I started hairdressing school in 1993 but I didn’t really begin my career as a stylist until 1996. That was the year hairdressing became my career, or maybe more my identity.
I have gone from a starving apprentice to a fully booked stylist, to a platform artist, to a starving salon owner, to a fully booked salon owner working five days a week, to four days, then three days, then two… I stopped being the highest earner in my company about three years ago. I still hold the record month, though I suspect a 26 year old member of my team is going to beat that pretty soon. She easily could if she worked four days a week instead of three. And I will celebrate it when it happens.
Salon ownership is hard. It is usually ego that made us open the salon in the first place. “Asshole is taking half of my money. And he doesn’t know what he’s doing. I’m going to do it better.” So we open a salon built around us and make ourselves the star of the company. And this is the right way to do it. In order to be an inspiring mentor, you need to have climbed the mountain yourself. But this is when most owners go wrong. They like being at the top of the mountain and they want to stay there.

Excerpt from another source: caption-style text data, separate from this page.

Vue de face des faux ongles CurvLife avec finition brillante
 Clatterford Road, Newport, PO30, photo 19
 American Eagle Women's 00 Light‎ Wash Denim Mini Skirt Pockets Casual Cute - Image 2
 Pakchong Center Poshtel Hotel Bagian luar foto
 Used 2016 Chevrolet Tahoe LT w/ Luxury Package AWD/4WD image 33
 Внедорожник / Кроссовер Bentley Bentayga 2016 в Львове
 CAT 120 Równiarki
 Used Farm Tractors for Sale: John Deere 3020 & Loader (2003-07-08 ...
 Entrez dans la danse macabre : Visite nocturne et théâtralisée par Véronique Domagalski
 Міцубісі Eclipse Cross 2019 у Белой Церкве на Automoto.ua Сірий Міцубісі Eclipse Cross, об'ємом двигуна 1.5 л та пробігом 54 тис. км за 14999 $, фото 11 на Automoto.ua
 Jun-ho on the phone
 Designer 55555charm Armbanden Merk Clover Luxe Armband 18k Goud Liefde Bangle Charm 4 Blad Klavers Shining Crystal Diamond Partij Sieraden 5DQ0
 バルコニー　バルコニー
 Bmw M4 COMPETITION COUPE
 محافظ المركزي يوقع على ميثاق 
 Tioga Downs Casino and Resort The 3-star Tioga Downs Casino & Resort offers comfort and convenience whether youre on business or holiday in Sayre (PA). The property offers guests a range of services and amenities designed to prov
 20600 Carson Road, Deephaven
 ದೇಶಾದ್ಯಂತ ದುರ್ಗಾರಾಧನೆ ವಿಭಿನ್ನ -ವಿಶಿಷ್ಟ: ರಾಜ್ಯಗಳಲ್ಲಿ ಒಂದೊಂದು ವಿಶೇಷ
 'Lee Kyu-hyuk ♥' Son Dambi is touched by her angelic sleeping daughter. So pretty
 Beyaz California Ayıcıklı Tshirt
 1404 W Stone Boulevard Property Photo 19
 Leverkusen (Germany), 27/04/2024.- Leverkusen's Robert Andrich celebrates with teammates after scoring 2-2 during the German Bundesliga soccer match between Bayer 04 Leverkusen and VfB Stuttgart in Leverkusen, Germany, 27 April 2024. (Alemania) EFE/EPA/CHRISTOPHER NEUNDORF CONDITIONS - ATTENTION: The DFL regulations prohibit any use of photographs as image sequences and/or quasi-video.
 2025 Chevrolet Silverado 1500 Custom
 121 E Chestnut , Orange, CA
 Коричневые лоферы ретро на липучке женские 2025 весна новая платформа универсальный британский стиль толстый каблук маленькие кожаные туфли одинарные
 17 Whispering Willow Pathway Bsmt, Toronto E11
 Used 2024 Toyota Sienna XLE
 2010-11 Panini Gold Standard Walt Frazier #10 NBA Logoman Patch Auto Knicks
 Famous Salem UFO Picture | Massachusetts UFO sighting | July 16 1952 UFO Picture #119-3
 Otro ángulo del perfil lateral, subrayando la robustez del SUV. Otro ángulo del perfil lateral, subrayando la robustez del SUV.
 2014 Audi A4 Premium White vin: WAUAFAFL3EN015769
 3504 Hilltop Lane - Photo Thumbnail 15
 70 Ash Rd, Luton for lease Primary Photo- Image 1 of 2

Once I figured out that I couldn’t do everything alone and that I needed my team to be stars in there own right rather than just my supporting cast, it became my mission to make them all develop mastery of my knowledge of hairdressing and success. My ceiling needed to be their floor, because if they all knew what took me years to develop and figure out (it’s not complicated, but I had to sift through a lot of nonsense and have a lot of experience to develop my systems), then they could use it as a foundation to branch out and develop their own. The sky would be the limit.
By taking myself off the floor, I am now going to be able to truly dedicate my energy to helping and pushing my team to success. Since having children, I’ve lost the extra time I had to communicate with my team. I’ve always been a hardass, but I’ve devolved into a hardass who doesn’t have time to nurture. I’ve allowed my company to run itself, thinking to a degree that few people cared anyways. My bad attitude and inability to be present has manifested into a stagnant salon company. I’ve allowed resistance and negativity to develop because of my own resistance and negativity.
So today marks the last day of my career as a stylist. I will miss the relationships I had developed and how incredible it is to follow people’s lives over a long period of time. Telling my clients has been profound, many have been with me for 19 years, one for 21. There have been a lot of tears and a lot of great stories and reminders of how cheeky I used to be. I’ve been overwhelmed.
I’ve had an amazing career as a stylist and have also had a pretty great career as an owner. But it’s time for me to make some big changes in my life in order to help my team have great careers. And I know that some of my staff will be resistant to my increased presence. Some will likely quit or perhaps be encouraged to seek employment elsewhere. But I am excited to be able to fully commit to my company and team once again.